Un poète peut-il mourir ? Forcément, non. Ceux qui se sont attaqués au rebelle l’ont bien compris.
Matoub n’est toujours pas mort. Il continue d’être présent dans les esprits et les cœurs de millions de Kabyles. Lounès est toujours vivant. Son combat pour la démocratie et la reconnaissance de l’identité de tout un peuple se poursuit toujours.
Des millions de Kabyles pour qui feu Matoub est un symbole sont prêts à relever le défit et à faire aboutir coûte que coûte les ideaux véhiculés par l’illustre artiste que seule la Kabylie a su enfanter.
Cette Kabylie, qui n’arrive toujours pas à digérer et à se faire à l’idée que Lounès est tombé sous les dizaines de balles barbares et assassines, quelque part dans sa région natale à Beni Douala.

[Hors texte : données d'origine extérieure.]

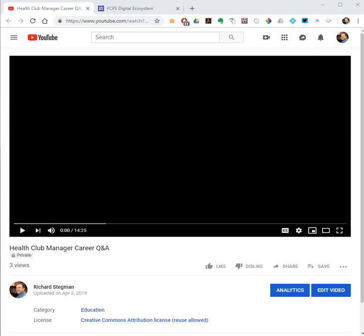This video shows how to play only a certain segment of a YouTube video or other online video using video start and stop times in an embed code. An embed code is a piece of HTML code that you can add to your website that pulls in external content you want to share with your users. These instructions show you how to generate an embed code for a YouTube video that starts and stops the video at specific times. You would then copy it and paste it into your web page or site.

Tala Bounane, lieu où le macabre assassinat eut lieu est devenu depuis lors, un lieu de pèlerinage pour des millions de fans. Cette date fatidique du 25 juin 1998 est restée gravée dans la mémoire collective de millions de Kabyles. Douze ans après, Matoub continue de vivre à travers chaque Kabyle. Il est présent partout et son idéal est toujours d’actualité et défendu par toute une société. Le projet aboutira, la Kabylie retrouvera sa splendeur et Lounès pourra alors se reposer tranquillement là où il est maintenant. Un repos bien mérité lui, qui a voué sa jeunesse et toute sa vie à la cause berbère.
Lounès, l’ami des pauvres
Dans sa vie, sa courte vie, je dirai, Lounès est estimé de tous et spécialement de la frange la plus démunie : “Tarwa el hif», disait-il dans une de ses chansons. Matoub qui était modeste et généreux n’hésitait jamais à aider, à donner et à soutenir les gens dans la difficulté. Les pauvres et les simples citoyens ne sont jamais déçus lorsqu’ils font appel à son assistance. En véritable défenseur “des damnés de la terre de Kabylie», Lounès n’a jamais baissé les bras et ne savait pas dire non. Il faut reconnaître aussi que les Kabyles le lui rendent bien. Douze ans après, les gens continuent de parler de lui, de l’écouter et de l’aimer. N’est-ce pas là une gifle à ceux qui ont osé s’attaquer au rebelle ?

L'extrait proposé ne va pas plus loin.